## WHAT YOU HAVE TO DO
A complete, exact copy of the data is the required answer.

Records from a data collection:
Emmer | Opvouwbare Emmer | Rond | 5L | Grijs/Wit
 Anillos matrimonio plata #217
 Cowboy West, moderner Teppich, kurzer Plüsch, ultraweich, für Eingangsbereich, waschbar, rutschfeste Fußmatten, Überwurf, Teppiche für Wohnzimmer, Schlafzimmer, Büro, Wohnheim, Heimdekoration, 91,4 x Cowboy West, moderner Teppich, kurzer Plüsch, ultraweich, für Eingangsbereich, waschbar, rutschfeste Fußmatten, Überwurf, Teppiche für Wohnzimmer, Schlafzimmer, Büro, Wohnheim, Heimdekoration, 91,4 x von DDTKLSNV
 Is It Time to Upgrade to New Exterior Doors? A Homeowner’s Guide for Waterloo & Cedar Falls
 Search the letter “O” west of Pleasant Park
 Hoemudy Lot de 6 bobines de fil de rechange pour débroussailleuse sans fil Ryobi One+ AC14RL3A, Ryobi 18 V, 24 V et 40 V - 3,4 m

## ANSWER TO THE EXERCISE
Emmer | Opvouwbare Emmer | Rond | 5L | Grijs/Wit
 Anillos matrimonio plata #217
 Cowboy West, moderner Teppich, kurzer Plüsch, ultraweich, für Eingangsbereich, waschbar, rutschfeste Fußmatten, Überwurf, Teppiche für Wohnzimmer, Schlafzimmer, Büro, Wohnheim, Heimdekoration, 91,4 x Cowboy West, moderner Teppich, kurzer Plüsch, ultraweich, für Eingangsbereich, waschbar, rutschfeste Fußmatten, Überwurf, Teppiche für Wohnzimmer, Schlafzimmer, Büro, Wohnheim, Heimdekoration, 91,4 x von DDTKLSNV
 Is It Time to Upgrade to New Exterior Doors? A Homeowner’s Guide for Waterloo & Cedar Falls
 Search the letter “O” west of Pleasant Park
 Hoemudy Lot de 6 bobines de fil de rechange pour débroussailleuse sans fil Ryobi One+ AC14RL3A, Ryobi 18 V, 24 V et 40 V - 3,4 m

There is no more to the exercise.